PTC News Desk: The Reserve Bank of India's (RBI) Monetary Policy Committee unanimously decided to keep the policy repo rate at 6.5 percent at its December review meeting, maintaining the status quo for the fifth consecutive time.
When deliberating the policy statement on Friday morning, RBI Governor Shaktikanta Das cited decreasing inflation as a reason for keeping the policy stance unchanged.
Retail inflation in India eased further in October, supported by a relative decline in some sub-indexes. The October consumer price index (CPI) was 4.87 percent, down from 5.02 percent the previous month.

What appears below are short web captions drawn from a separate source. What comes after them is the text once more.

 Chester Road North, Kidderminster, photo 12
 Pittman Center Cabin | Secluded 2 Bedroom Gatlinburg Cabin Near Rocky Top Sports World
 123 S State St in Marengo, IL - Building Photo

Retail inflation in India, on the other hand, is within the RBI's 2-6 percent comfort zone but above the ideal 4 percent.
Das also stated that the MPC decided by a majority of 5 out of 6 members to maintain its focus on gradually withdrawing accommodation to ensure that inflation over time aligns with the target while supporting growth.

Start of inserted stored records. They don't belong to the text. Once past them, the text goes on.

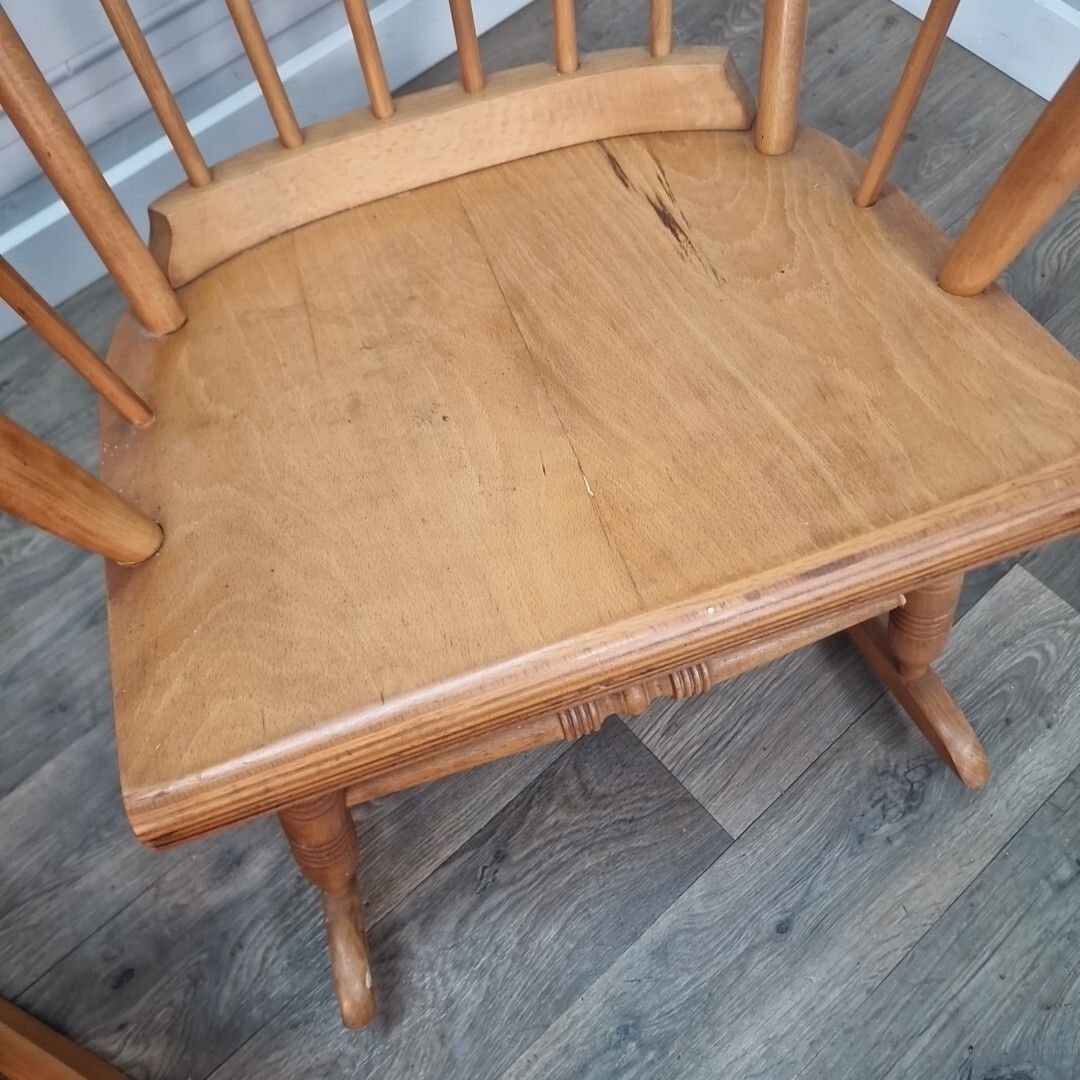 photo furniture Pair Rocking Arm Chairs  2 Retro Vintage Wooden Turned Country Farmhouse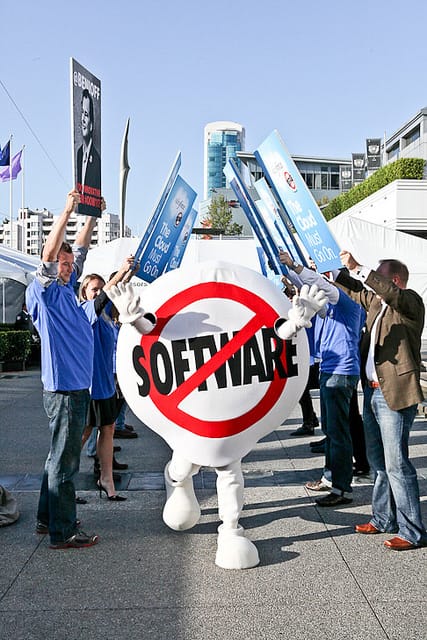 photo of SaaSy at Oracle OpenWorld protest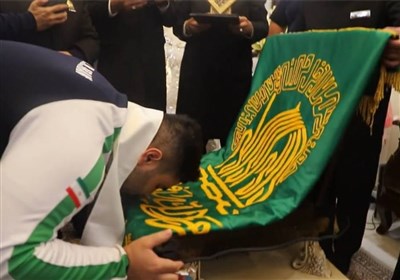 اهدا مدال نقره جهانی نعمتی مقدم به بارگاه مقدس امام رضا(ع)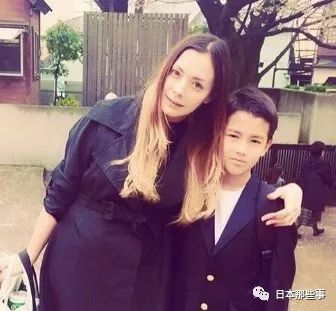 土屋安娜Instagram报告好消息 她竟然生第四胎了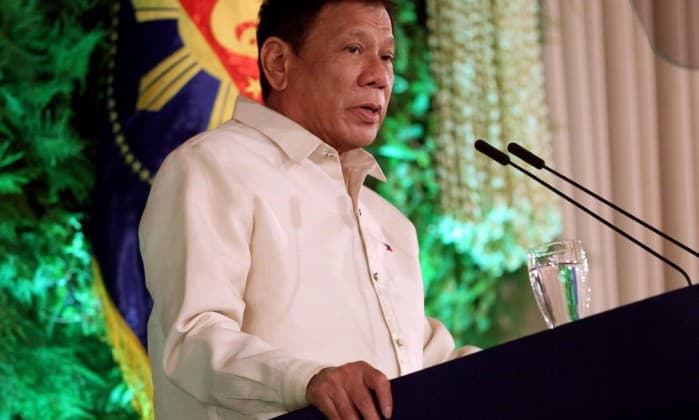 Presidente das Filipinas pede que população mate ‘viciados’ em drogas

Das also mentioned strong GDP growth in the second quarter.
During the July-September quarter of the current fiscal year 2023-24, the Indian economy grew 7.6 percent, keeping it as the fastest-growing major economy. The April-June quarter GDP growth in India was 7.8 percent.

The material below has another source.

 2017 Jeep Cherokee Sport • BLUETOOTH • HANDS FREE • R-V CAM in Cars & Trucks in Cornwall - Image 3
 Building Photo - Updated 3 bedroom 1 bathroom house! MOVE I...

The RBI's bimonthly monetary policy committee (MPC) meeting began on Wednesday. In a typical fiscal year, the RBI holds six bimonthly meetings to discuss interest rates, the money supply, the inflation outlook, and various macroeconomic indicators.
The monetary policy committee unanimously decided to keep the policy repo rate unchanged at 6.5 percent for the fourth time in a row at its October review meeting, thus maintaining the status quo.
It has kept the repo rate at 6.5 percent unchanged in the last four meetings. The repo rate is the interest rate at which the RBI lends to other banks.